### PROBLEM
Omit all pictures and transcribe only the lines in the entries below that run from the line with "Konukevi & Almhof Velden am Wörthersee" through the line with "SIGMA 18-250mm F3.5-6.3".
*-*-*
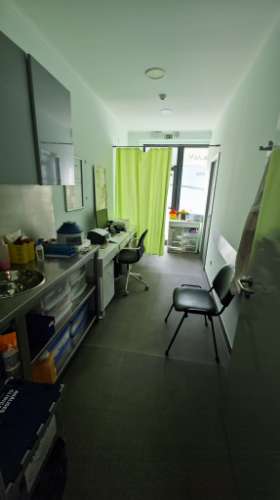 Clinica 10 salas 198m2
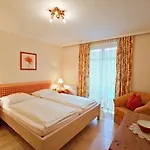 Konukevi & Almhof Velden am Wörthersee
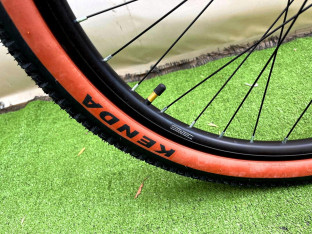 ROWER DIRT MTB Tabou Tabspin 1.0 RAMA 12 cali KOŁA 26" DARTMOOR GAMER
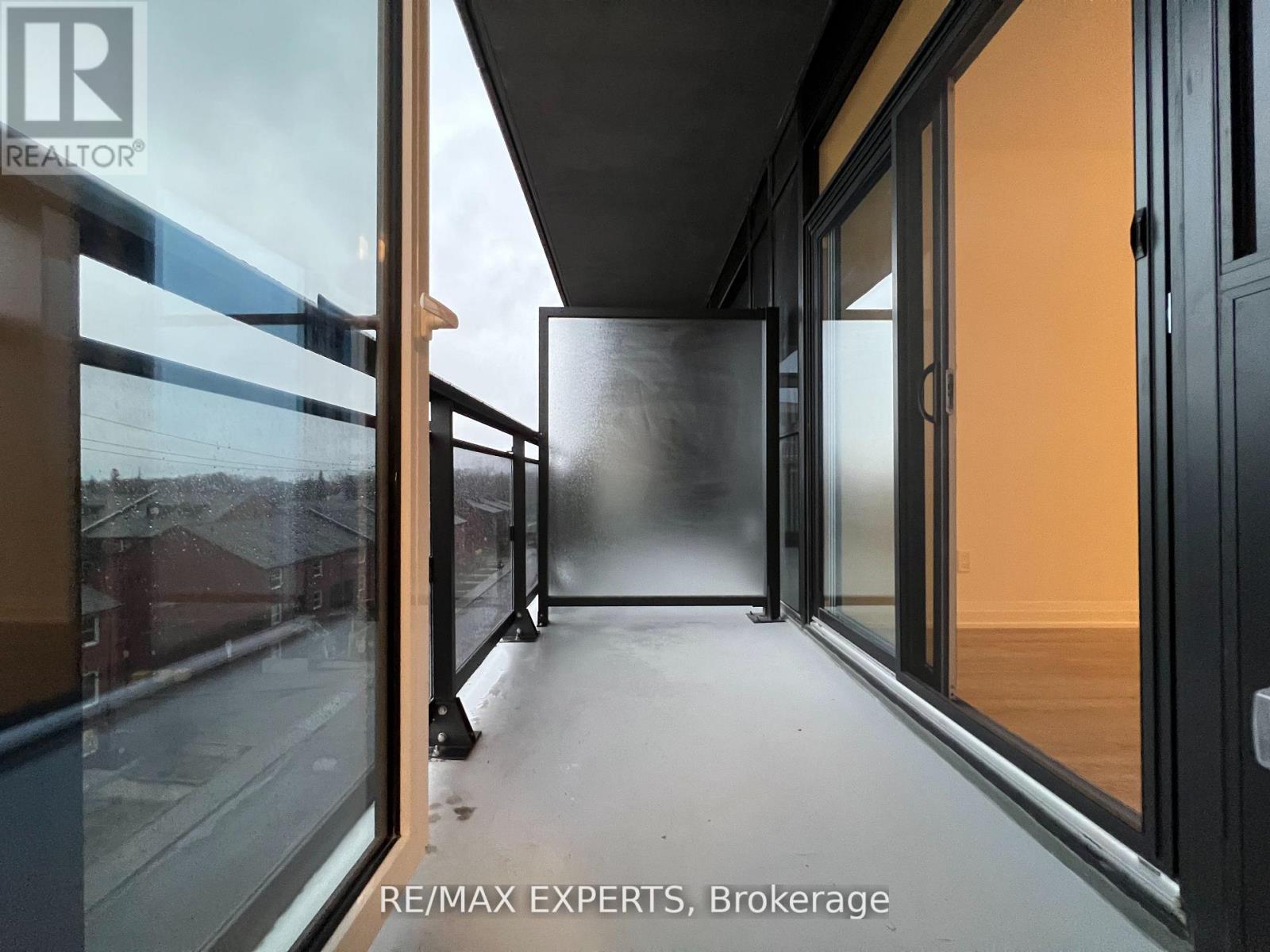 413 - 286 Main Street, Toronto, Ontario  M4C 0B3 - Photo 21 - E12915126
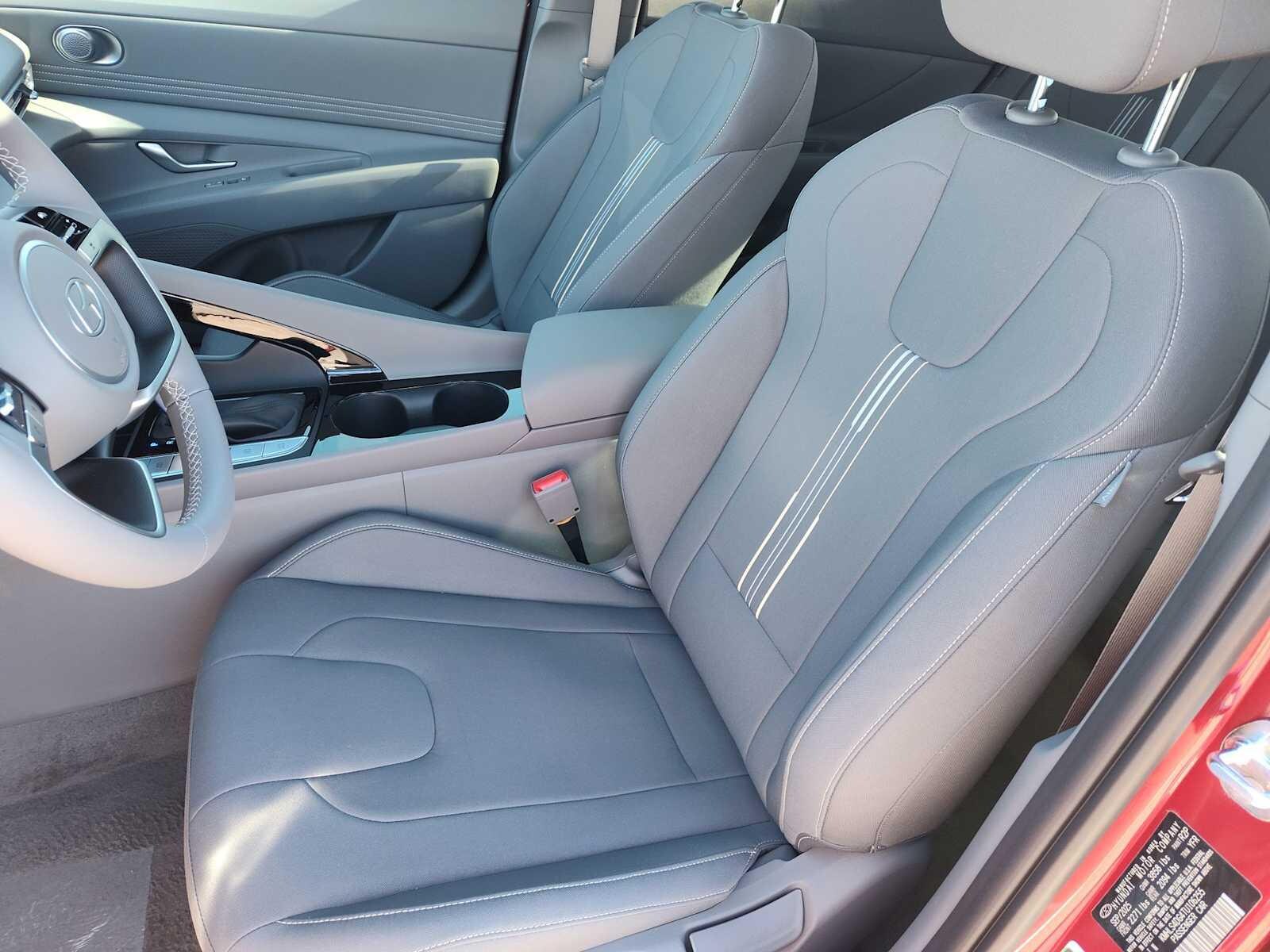 Thumbnail: 2026 Hyundai Elantra - 13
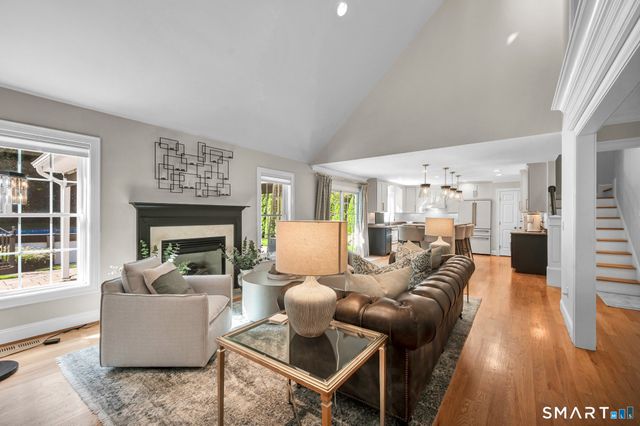 11 Grimes Road, Rocky Hill, CT 06067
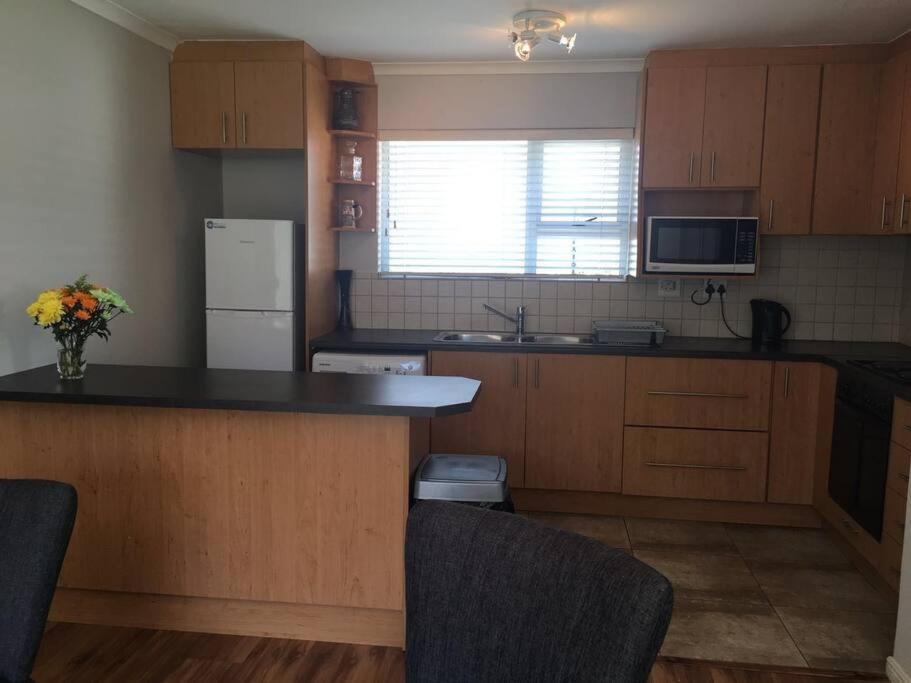 Sunbird Apartment Somerset West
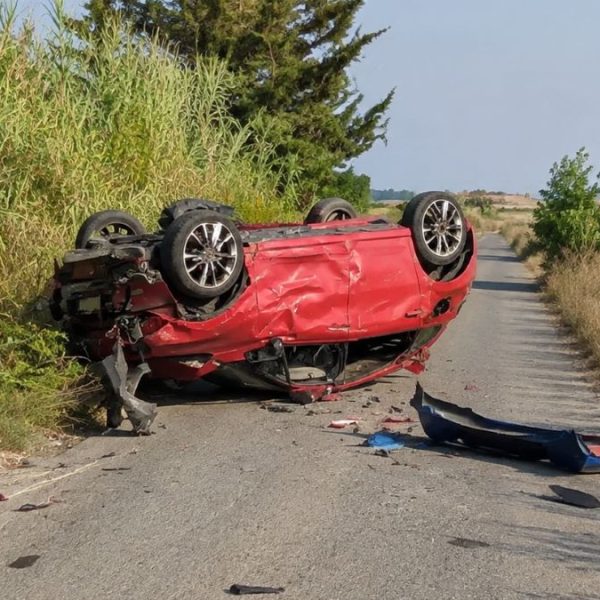 Tragedia alla rotatoria, papà e figlia 14enne morti in modo atroce. È successo in un istante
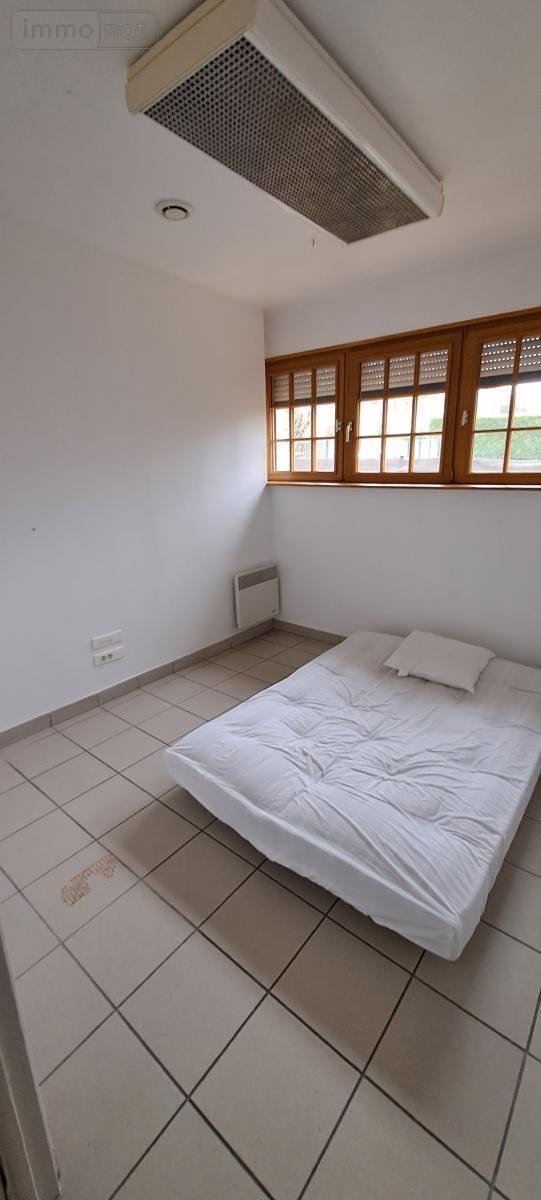 Location fonds et murs commerciaux Boves 80440 Somme 80 m2  750 euros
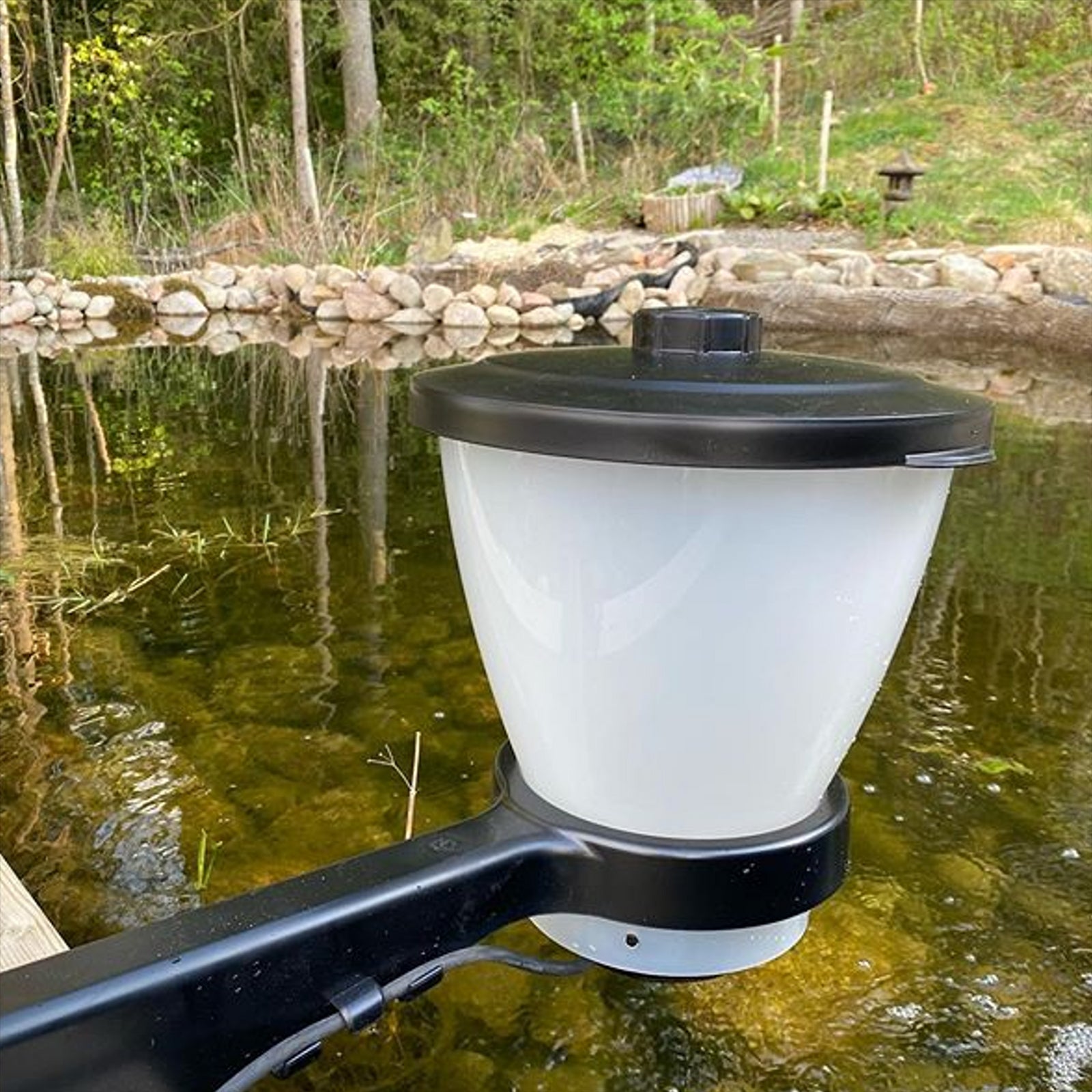 automatic fish feeder pond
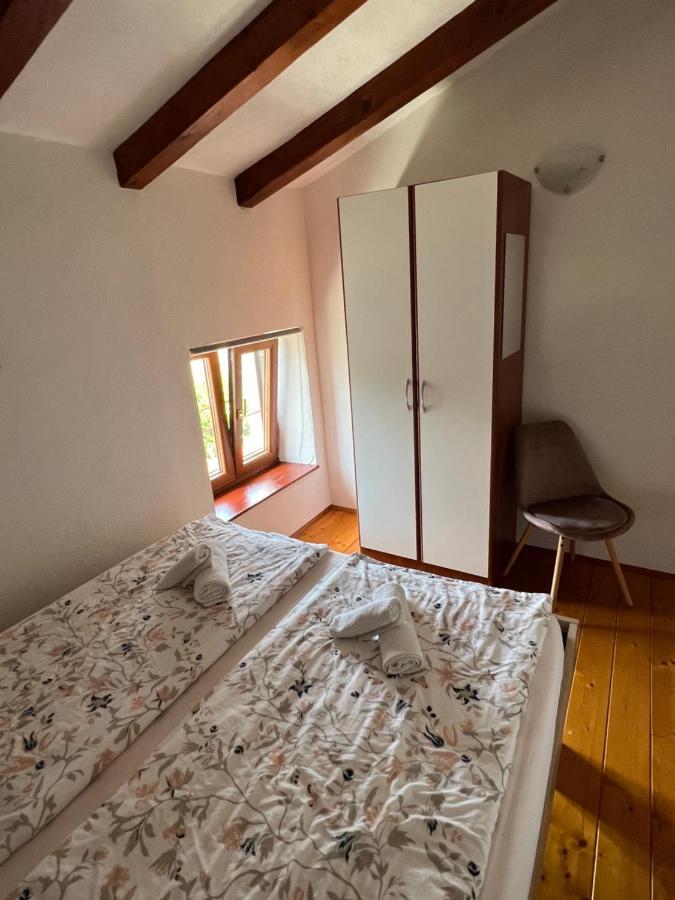 Kuca Za Odmor Matea Apartamento Poreč Exterior foto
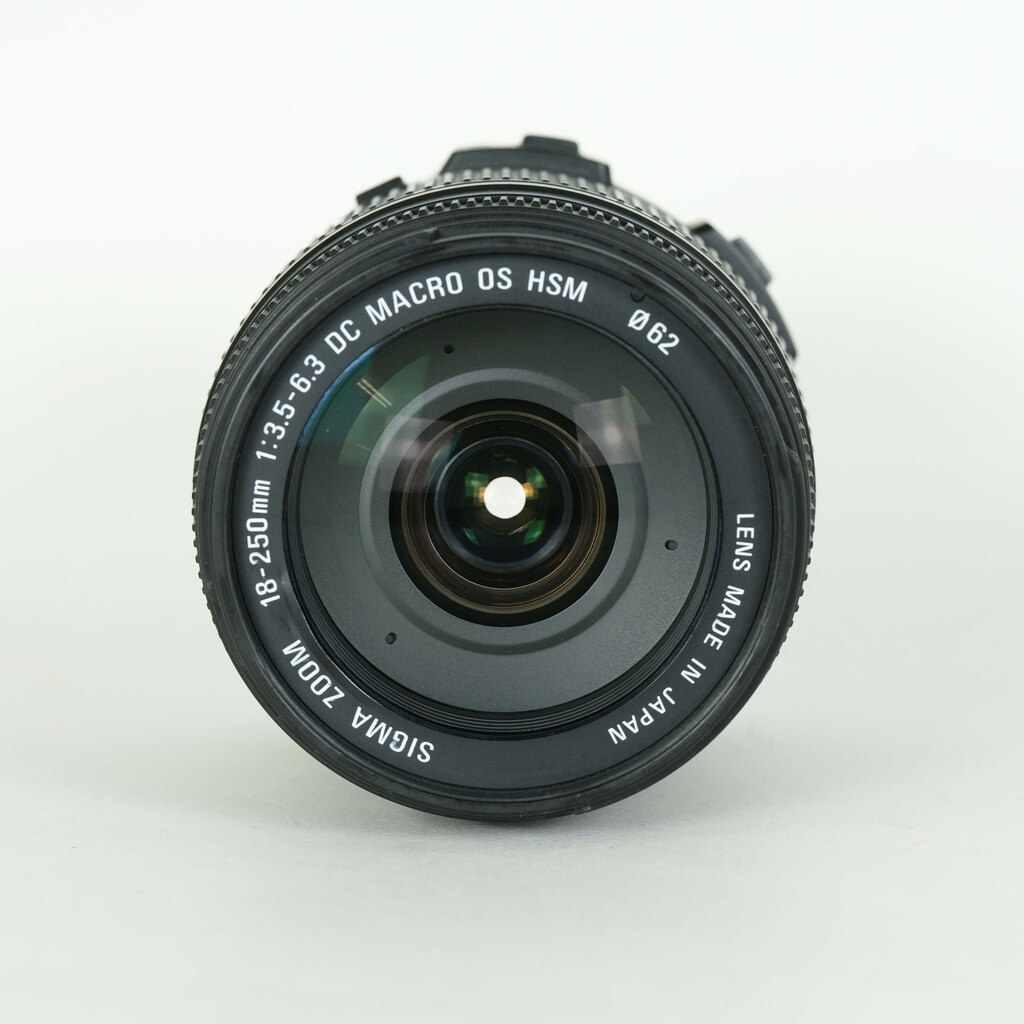 SIGMA 18-250mm F3.5-6.3 DC MACRO OS HSM (キヤノンEF用)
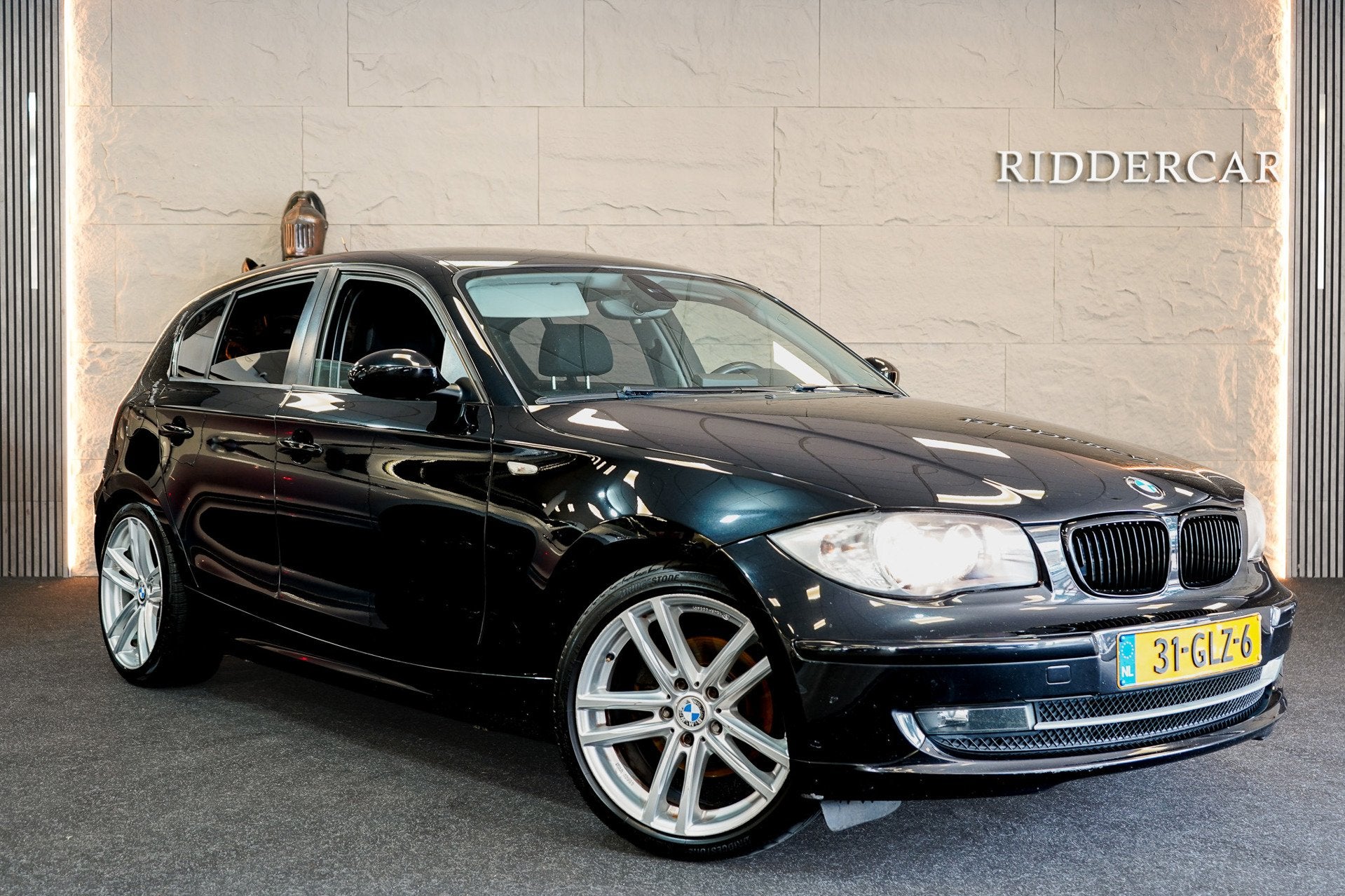 BMW 1-serie 120i Business Line|NAP|CRUISE|AIRCO|VELGEN|, Auto's, 1-Serie, Achterwielaandrijving, 4 cilinders, Zwart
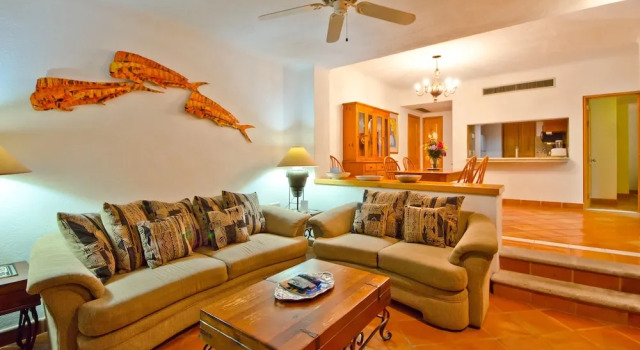 Beachfront Oasis With Activities Nearby at Casa del Mar Pelicano 301 - 1BR Option, Забронировать Вилла Отели Южной Нижней Калифорнии с парковкой, Парковка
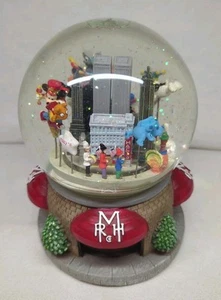Macys Thanksgiving Day Parade Musical Snow Globe Twin Towers 2000 Works - Imagen 1 de 3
*-*-*
### RESPONSE BELOW
 Konukevi & Almhof Velden am Wörthersee
 ROWER DIRT MTB Tabou Tabspin 1.0 RAMA 12 cali KOŁA 26" DARTMOOR GAMER
 413 - 286 Main Street, Toronto, Ontario  M4C 0B3 - Photo 21 - E12915126
 Thumbnail: 2026 Hyundai Elantra - 13
 11 Grimes Road, Rocky Hill, CT 06067
 Sunbird Apartment Somerset West
 Tragedia alla rotatoria, papà e figlia 14enne morti in modo atroce. È successo in un istante
 Location fonds et murs commerciaux Boves 80440 Somme 80 m2  750 euros
 automatic fish feeder pond
 Kuca Za Odmor Matea Apartamento Poreč Exterior foto
 SIGMA 18-250mm F3.5-6.3 DC MACRO OS HSM (キヤノンEF用)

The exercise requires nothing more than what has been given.